Task item: Leave out the pictures and print precisely the lines from the line with "綿100％ メンズ半袖Tシャツ（バックプリント） 通気性" to the final line of the entries, both ends included.

Extracted data entries:
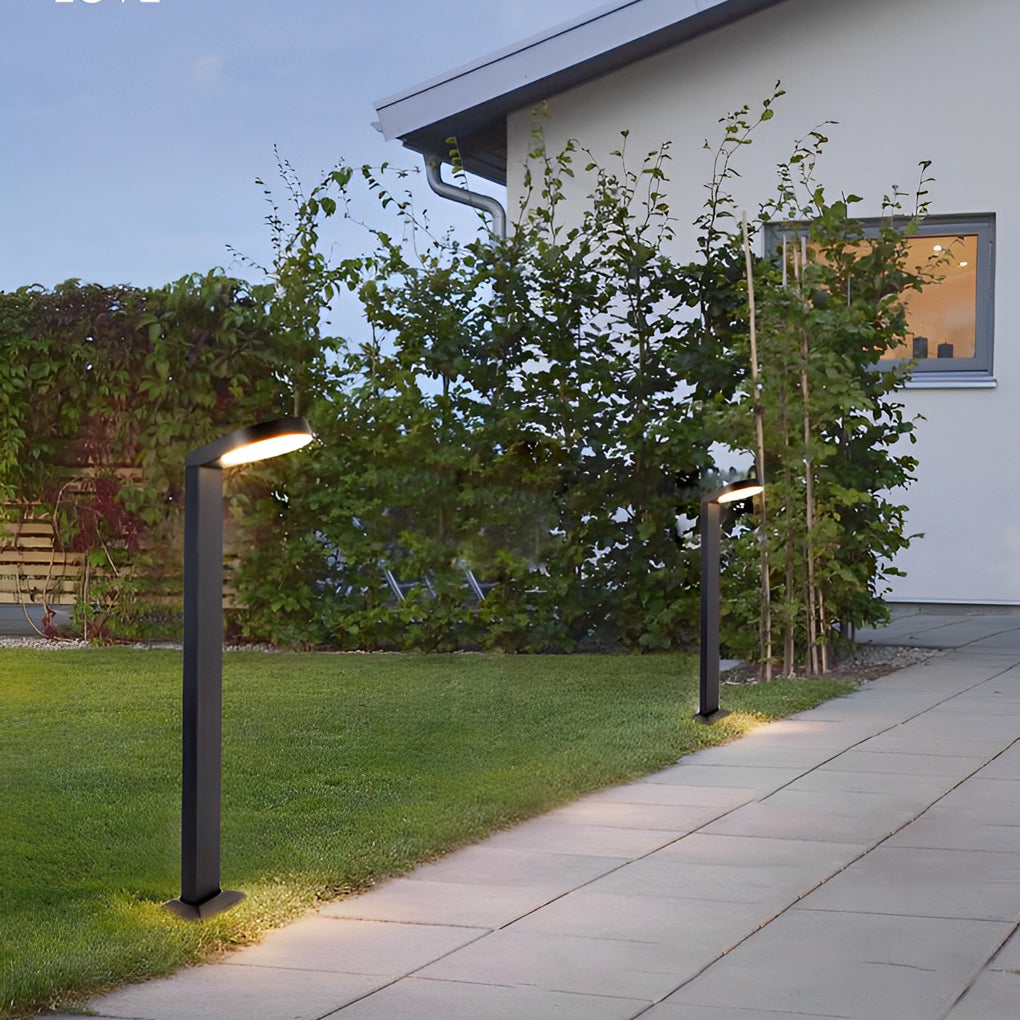 Modern Minimalist LED Bollard Light — Matte Black Aluminum, 12W, 3000K / 6000K, 31" H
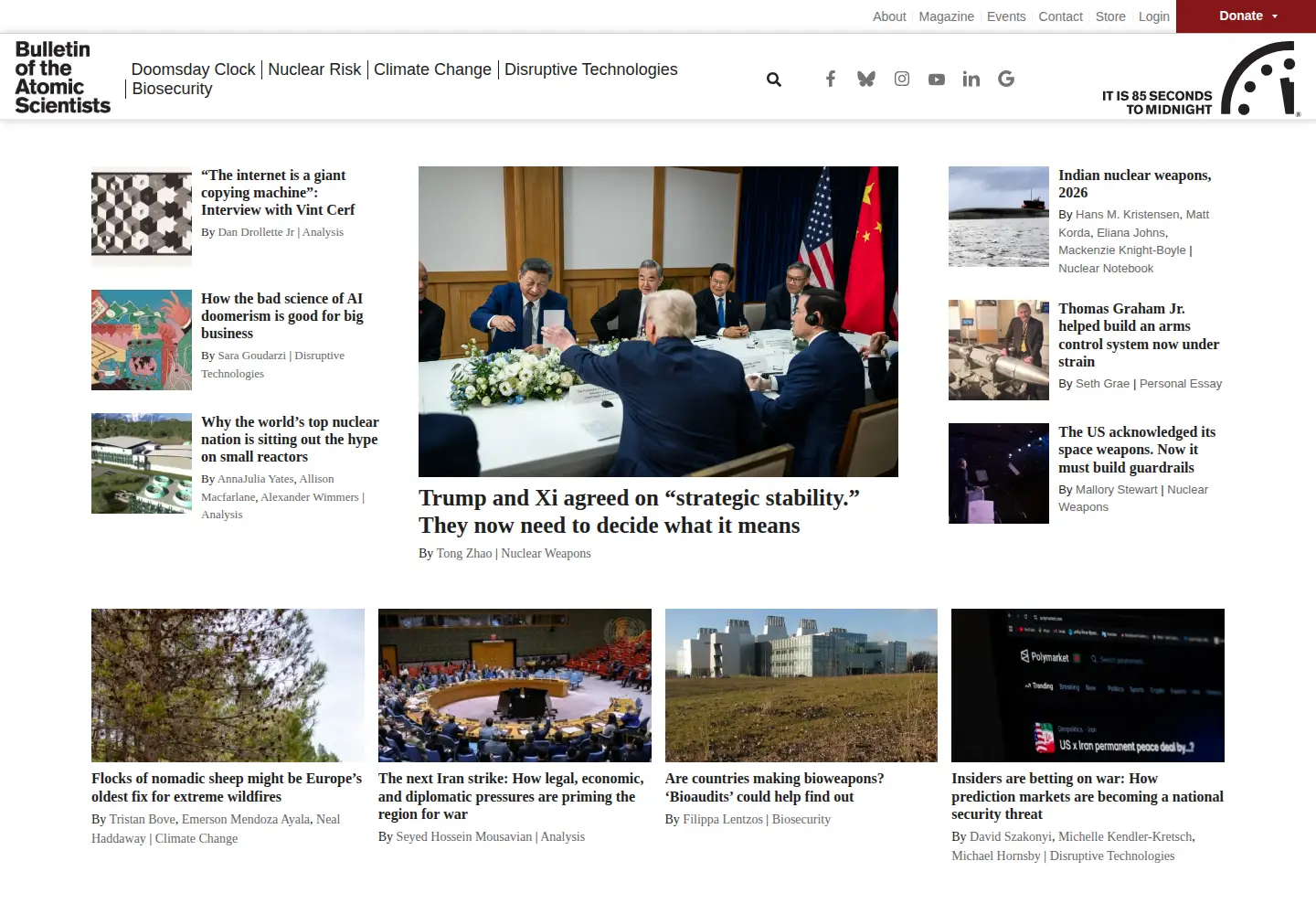Captured homepage of thebulletin.org in the current scan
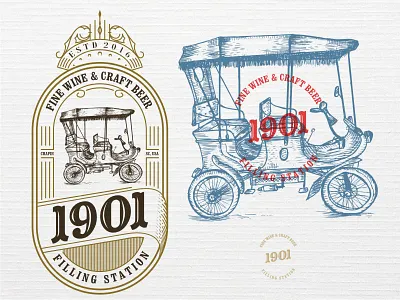 1901 custom lettering emblem hand drawn illustration label logo old school typography vintage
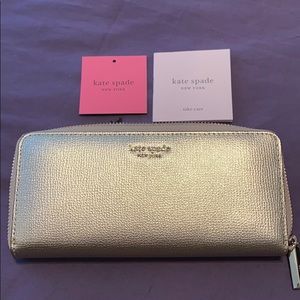 NWT Gold Kate Spade Wallet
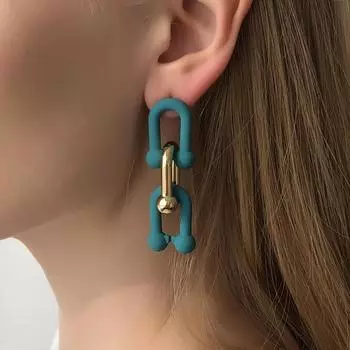 Классические 6 видов ярких цветов, акриловые бамбуковые серьги-цепочки, позолоченные серьги из нержавеющей стали U-образной формы с кисточками для женщин чёрный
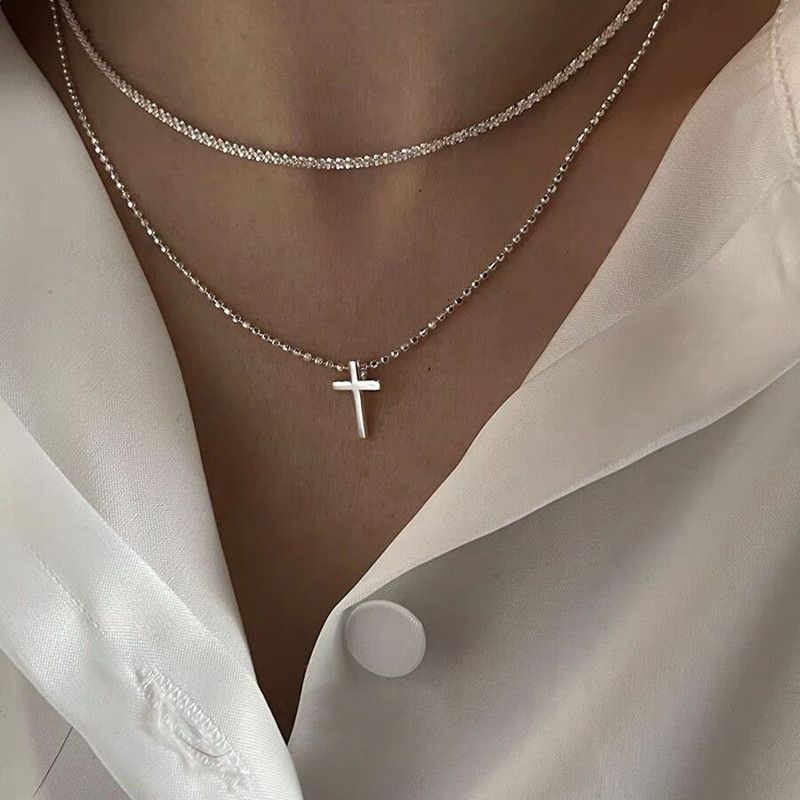 2025 Women Fashion Fashionable silver cross pendant women's shiny chain, pendant, charming multi-layered necklace, gift jewelry_voghion.com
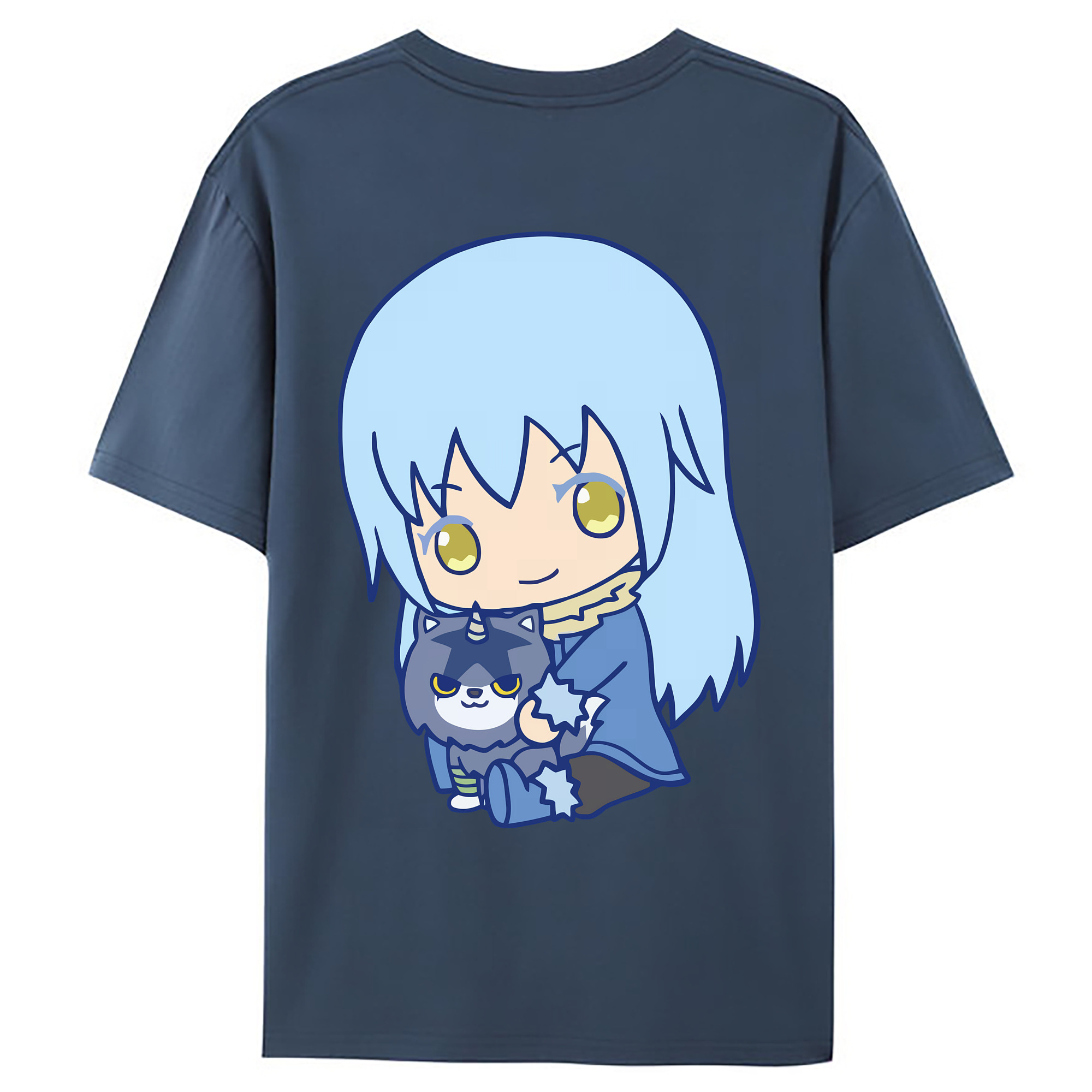 （画像用） 転スラ Regarding Reincarnated to Slime 綿100％ メンズ半袖Tシャツ（バックプリント） 通気性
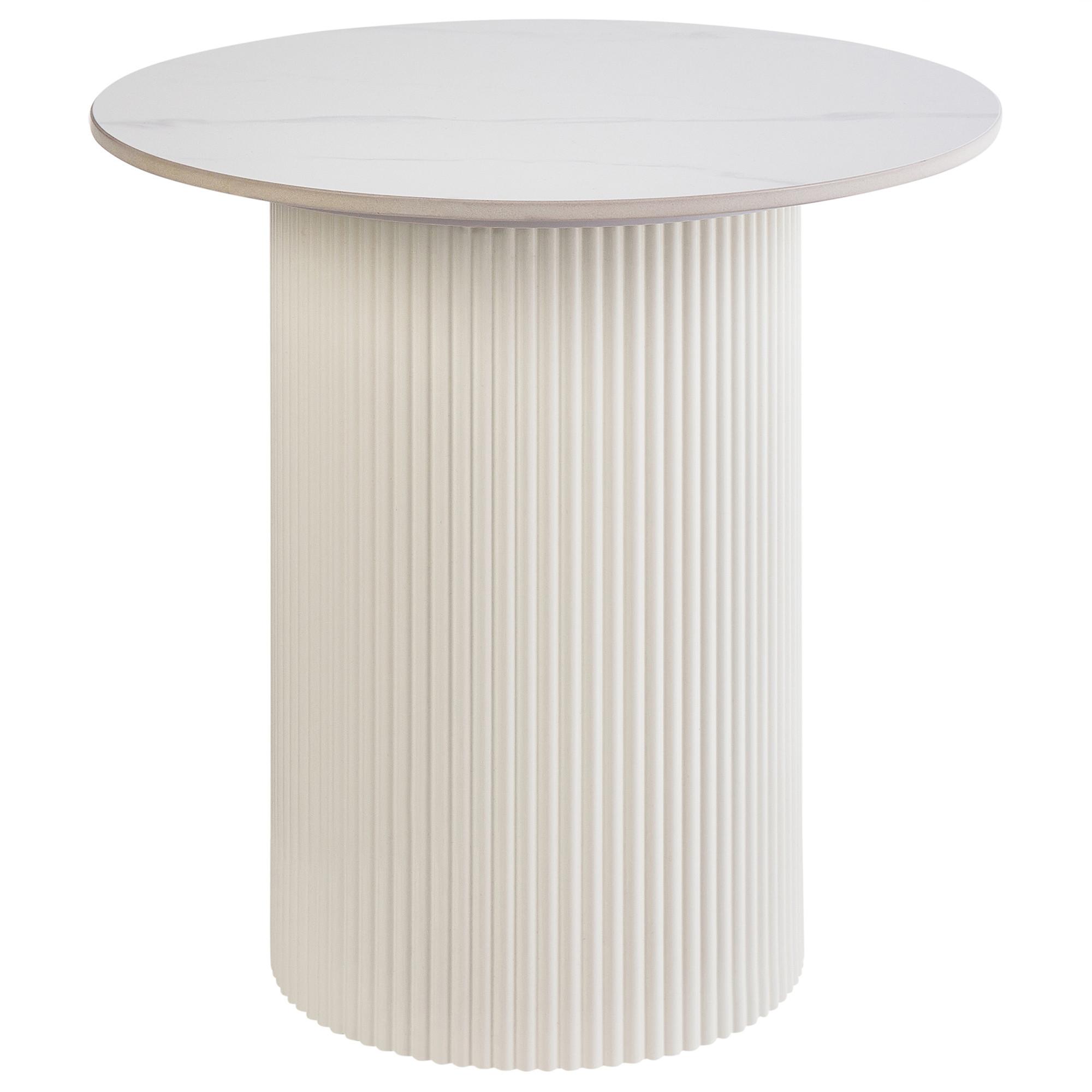 BEISTELLTISCH Beige Leona - Beige/Weiß, Stein (50/50/48cm) - Beliani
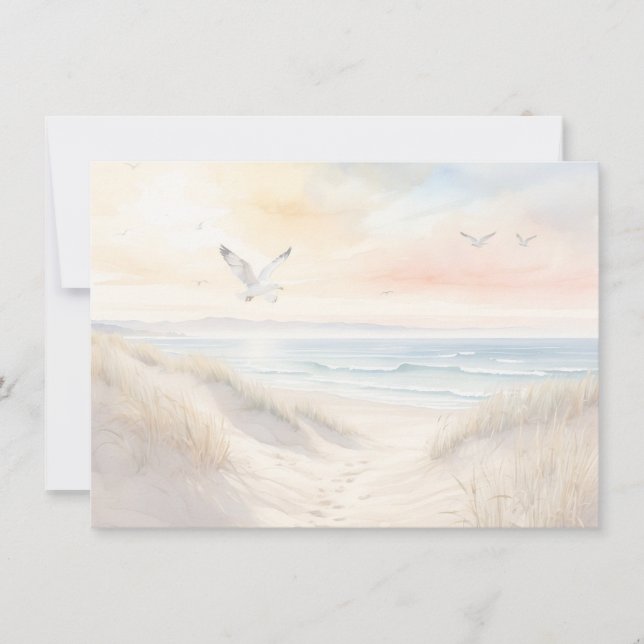 Beach Scene Flat Note Card Mitteilungskarte (Vorderseite)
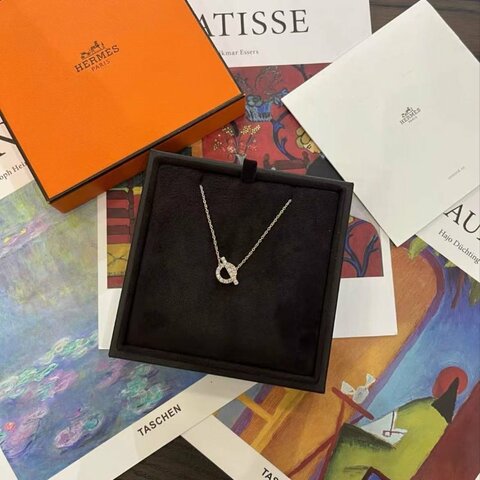 Hermes Finesse 玫瑰金滿鑽小Q項鍊 99新配件塵袋
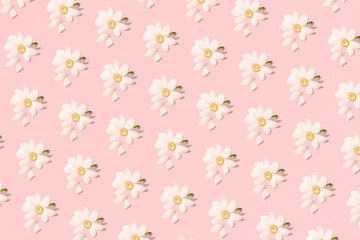 seamless  pastel pink pattern with spring flowers
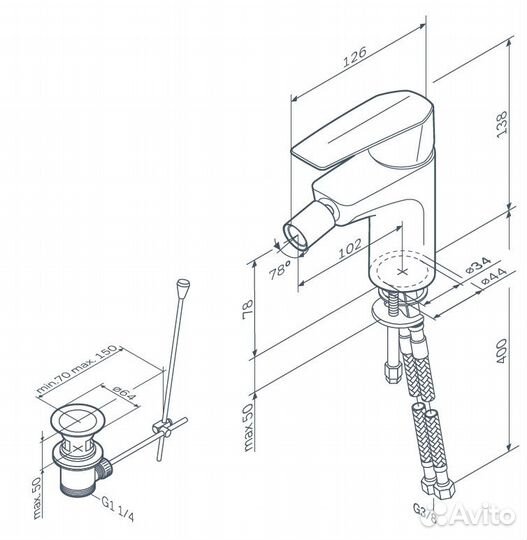Смеситель для биде AM.PM Gem F90A83100 с донным кл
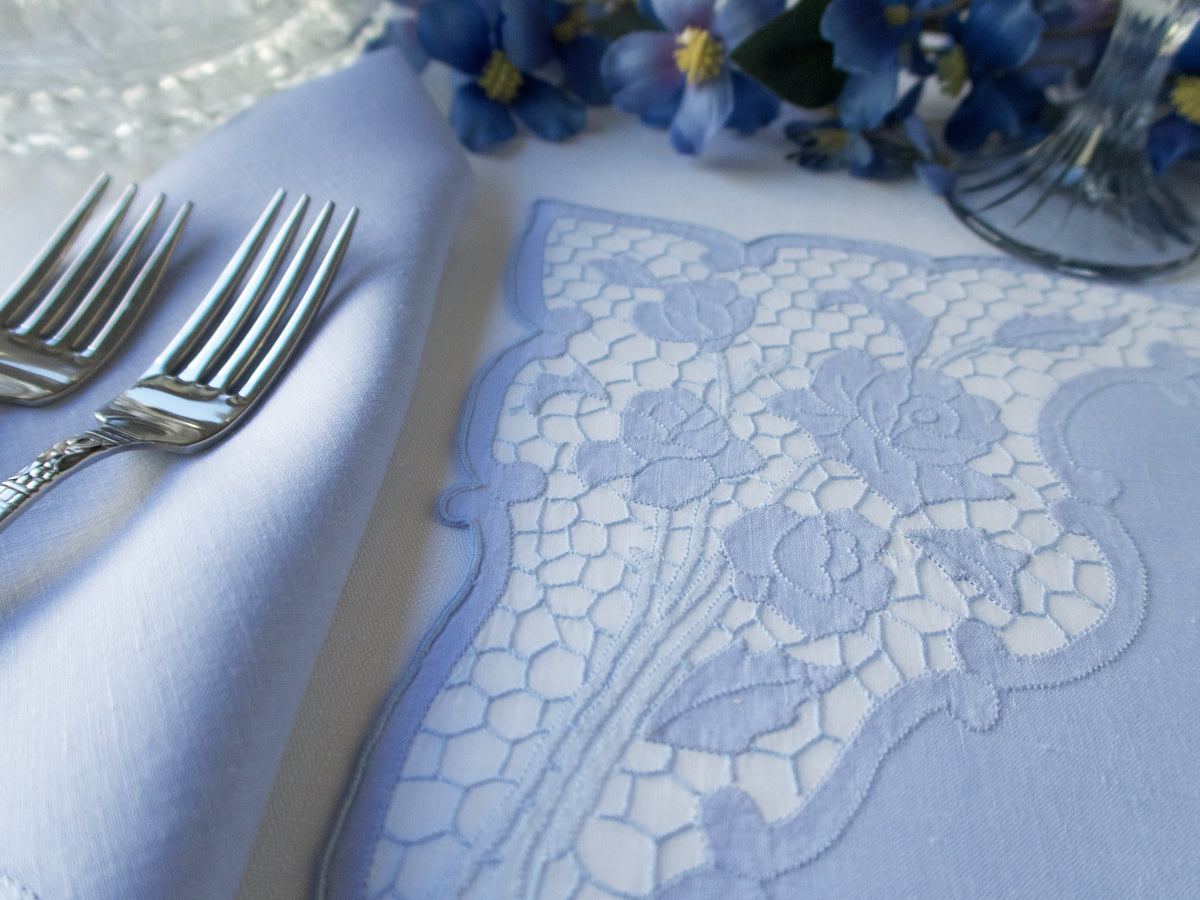 Roses in Lavender Vintage Madeira 16 Piece Placemat Set for 8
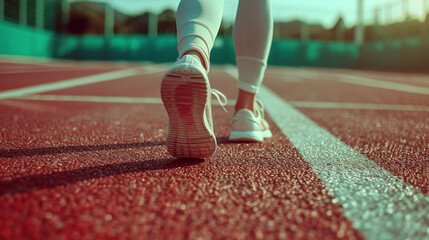 Some legs of a girl with pink sneakers training on an athletics track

Result of this exercise:
 （画像用） 転スラ Regarding Reincarnated to Slime 綿100％ メンズ半袖Tシャツ（バックプリント） 通気性
 BEISTELLTISCH Beige Leona - Beige/Weiß, Stein (50/50/48cm) - Beliani
 Beach Scene Flat Note Card Mitteilungskarte (Vorderseite)
 Hermes Finesse 玫瑰金滿鑽小Q項鍊 99新配件塵袋
 seamless  pastel pink pattern with spring flowers
Смеситель для биде AM.PM Gem F90A83100 с донным кл
 Roses in Lavender Vintage Madeira 16 Piece Placemat Set for 8
 Some legs of a girl with pink sneakers training on an athletics track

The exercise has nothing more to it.